Movie Review: The Royal Tenenbaums




By Julian Box


In 2001, Wes Anderson’s The Royal Tenenbaums was released in theatres, eventually winning an Oscar and obtaining more than 70 million dollars in box office sales. 

Wes Anderson’s films have a very unique look to them. The shots in this movie are beautiful. They have common themes of symmetry, crafted with extreme intellect and creativity. This particular Anderson flick involves Gene Hackman playing the role of Royal Tenenbaum, a patriarch undergoing financial instability trying to rekindle relationships with his dysfunctional family after years of isolation. Hackman does an amazing job in this role, and, in my opinion, this is one of his best movies.  That’s saying a lot, as he has appeared in so many great films.

Royal and Etheline Tennenbaum are the parents of three genius children with very versatile talents. Growing up, Royal often treated his children with extreme insensitivity, upsetting their emotional health, which eventually ended in a separation between Royal and Etheline. Royal then moves into a hotel and does not talk to his family for more than two decades. After being kicked out of his hotel, he is determined to resolve relationships with his children and ex-wife. 

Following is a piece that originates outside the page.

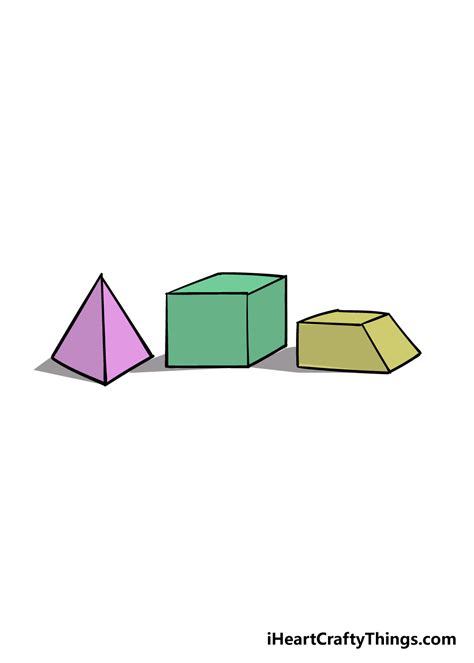 3D Shapes Drawing - How To Draw 3D Shapes Step By Step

While this is all happening, the three now-grown children are coping with their own problems. The oldest son, Chas Tenenbaum, is widowed with twin boys, Ari and Uzi. He is extremely protective and takes great precautions for his children after the loss of his wife to a plane crash. He decides that he is better off staying in his mother, Etheline Tenenbaum’s, house until he feels safe enough to return to his apartment. 

Margot Tenenbaum is their adopted daughter who is extremely mysterious, isolating herself from everyone around her, including her clingy older boyfriend. She becomes fed up and decides she needs a break and returns to her mother’s house as well to get some space. 

Richie Tenenbaum is perceived as a washed-up tennis player who is in love with his adopted sister. He is still embarrassed by a tennis match he lost years ago and afraid to confess his love for Margot. He travels overseas to return home as well. 

Royal Tenenbaum decides to win his family back through fraud and faking a sickness. While this does ultimately work, there are many obstacles along the way. This is a story of true dysfunction portrayed through beautiful cinematography and an awesome soundtrack. 

Overall, I would highly recommend this movie to anyone who enjoys Wes Anderson’s cinematography. I would say this movie is a 9/10. Thanks to its odd story and very unique character development, this film gives viewers a different outlook on what is possible in film,  opening up the door to a new stylized type of movie.